Healthy Summer Recipes with Macro Breakdowns
10 complete summer recipes with full macro breakdowns per serving. Covers grilled proteins, cold salads, smoothie bowls, grain bowls, fish tacos, and more — all designed to be light, fresh, and macro-friendly.
Eating healthy in summer should feel effortless — not like you are fighting the season. The best summer recipes use fresh, seasonal ingredients that are naturally lower in calories and higher in water content. Tomatoes, cucumbers, watermelon, zucchini, berries, corn, and stone fruits are all at peak flavor and nutrition between June and September.

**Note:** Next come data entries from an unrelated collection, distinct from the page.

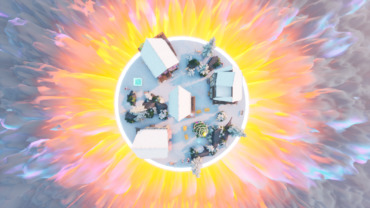 Frosty Games (2/16 Players)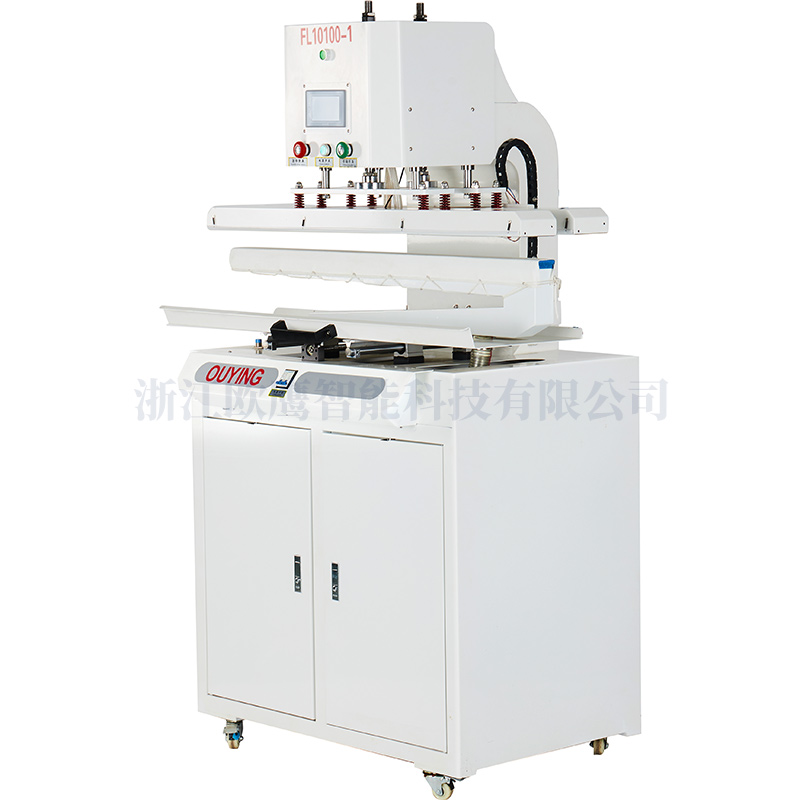 立式前后滑動冷熱壓機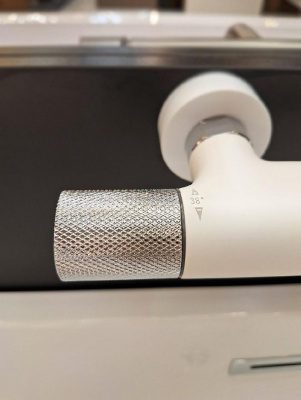 Смеситель для ванны Intento 0217 BiOp AltroBagno фото в интернет-магазине Русалия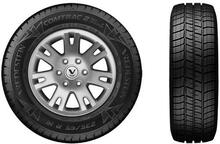 Universaalrehv Vredestein Comtrac 2 All Season+ 215/75 R16C 116 R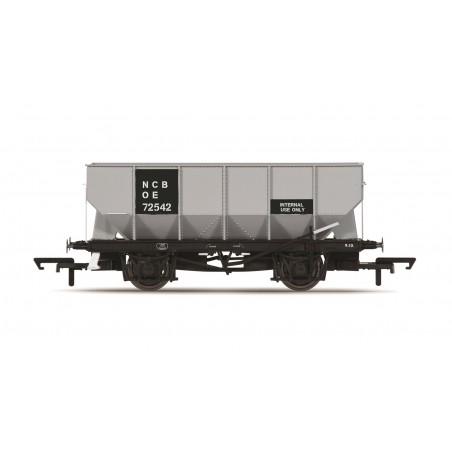 R6844 - 21T Hopper Wagon, National Coal Board - Era 5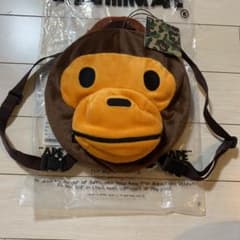 BAPE KIDS  エイプ　ベビーマイロ　リュックのサムネイル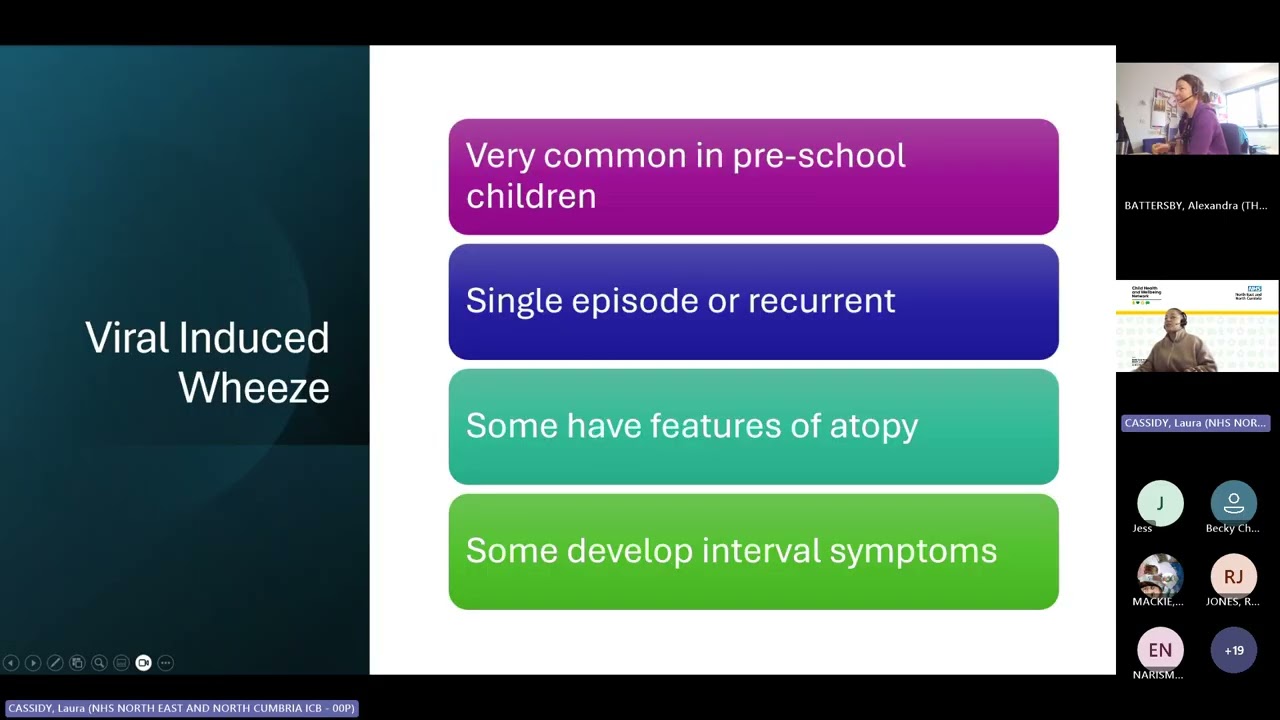 Managing Common Childhood Conditions and Illnesses Preschool Aged Children 20260128 123205 Meeting R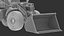 リープヘル L 524 ホイールローダー
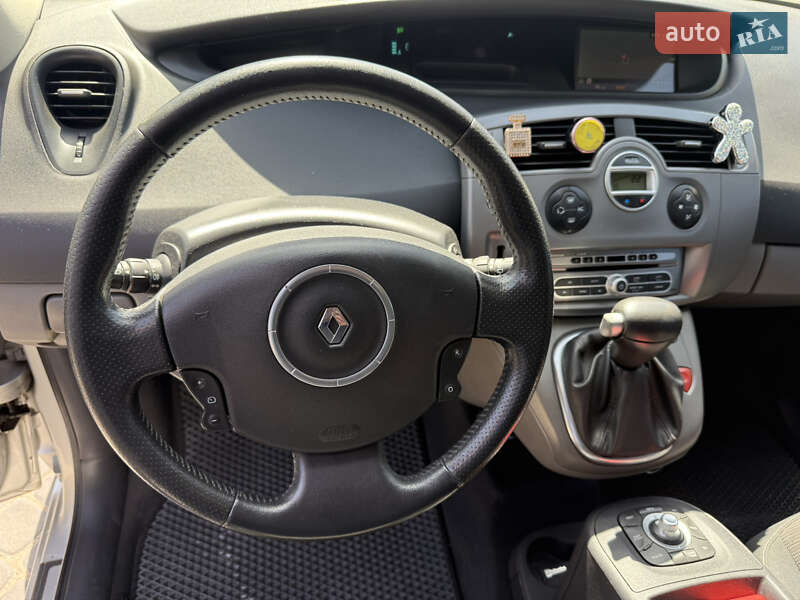 Минивэн Renault Grand Scenic 2006 в Виннице фото 2 Минивэн Renault Grand Scenic 2006 в Виннице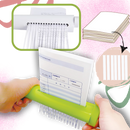 Destructeur de papier manuel portable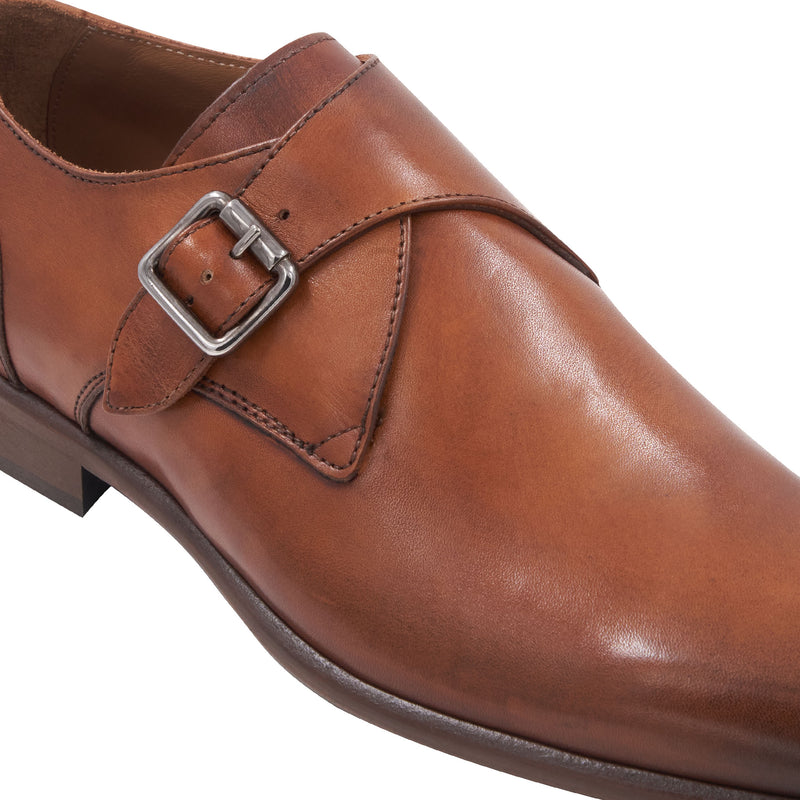 Solero Classic Monk Strap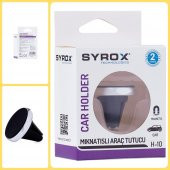SYROX H10 ARAÇ İÇİ TELEFON TUTUCU - 1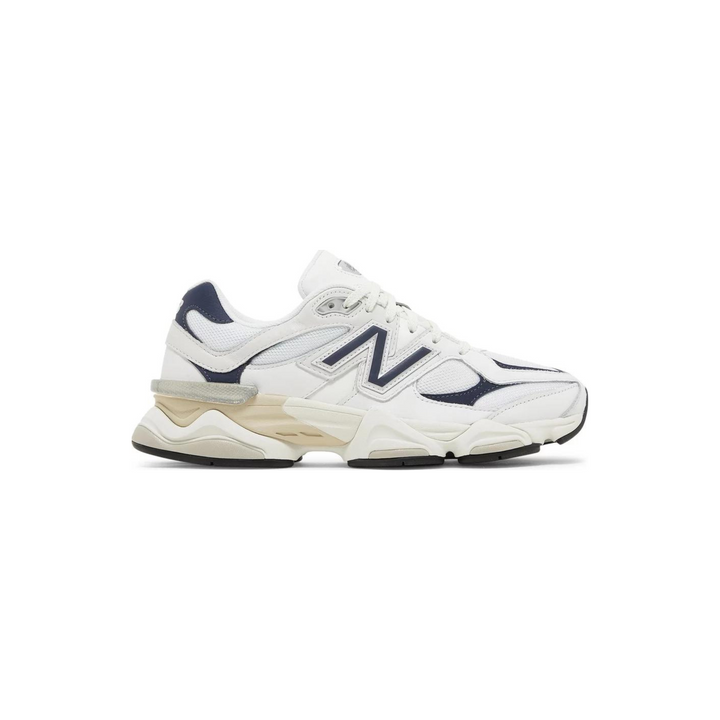 New Balance 9060 White Navy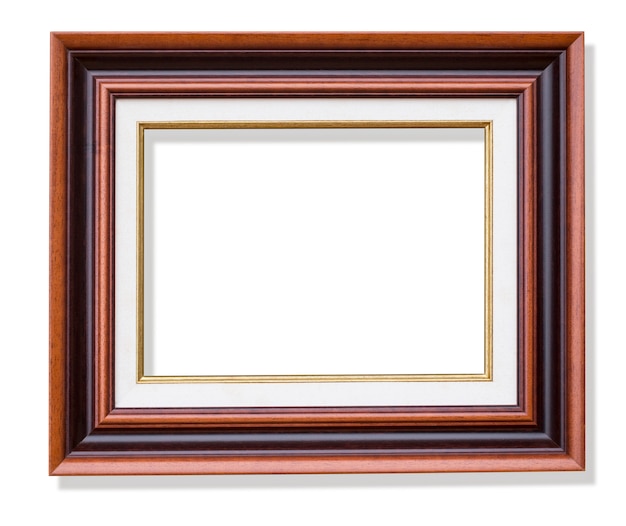 Wooden frame handmade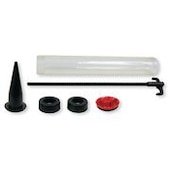 Kit de conversion 600 ml  BACCG 18V boudin mastic-silicone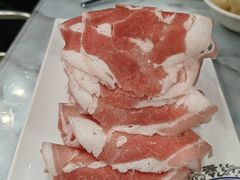 -福寿斋·老北京铜锅涮肉·烧烤(清岚店)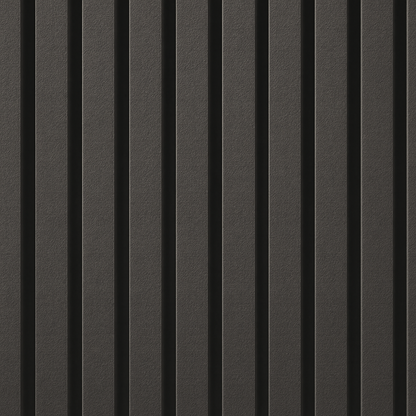 Premium Acoustic Wall Panels - Dark Grey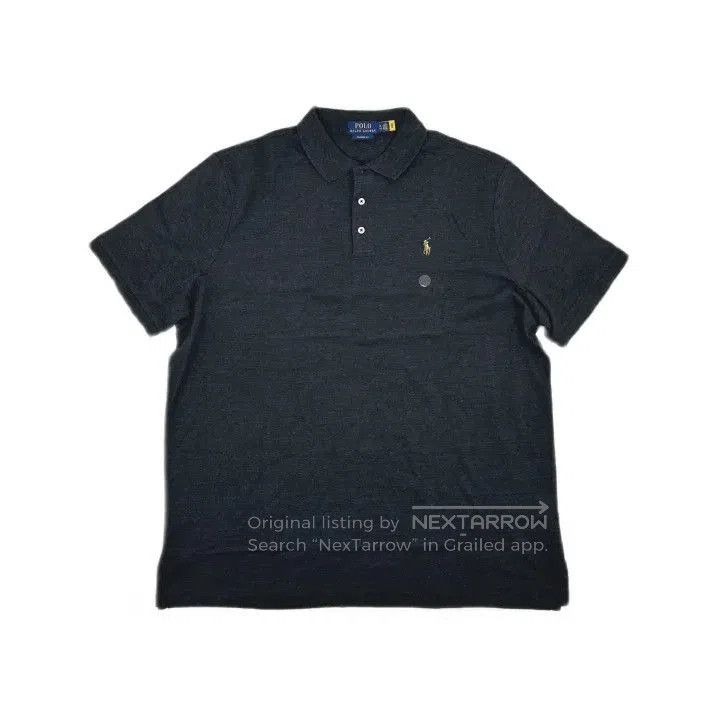 Polo Ralph Lauren Polo Ralph Lauren Logo Embroidered Short Sleeve Polo. Size US XL / EU 56 / 4 - 2 Thumbnail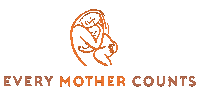 everymothercounts emc every mother counts every mom counts everymothercounts Sticker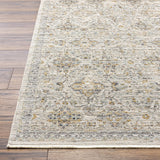 Introduce your home to the timeless beauty of the Margaret area rug! This special piece from our Becki Owens x Surya collaboration is the perfect way to add a vintage-inspired touch to any space. Amethyst Home provides interior design, new home construction design consulting, vintage area rugs, and lighting in the Des Moines metro area.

Below are 10 complete summer recipes, each with a full macro breakdown per serving. Every recipe is designed to be practical: minimal cooking (because nobody wants to heat up the kitchen), maximum flavor, and macros that support your goals.
Recipe 1: Lemon Herb Grilled Chicken Breast
A perfectly grilled chicken breast is the foundation of summer meal prep. This version uses a lemon-herb marinade that keeps the chicken moist without adding significant calories.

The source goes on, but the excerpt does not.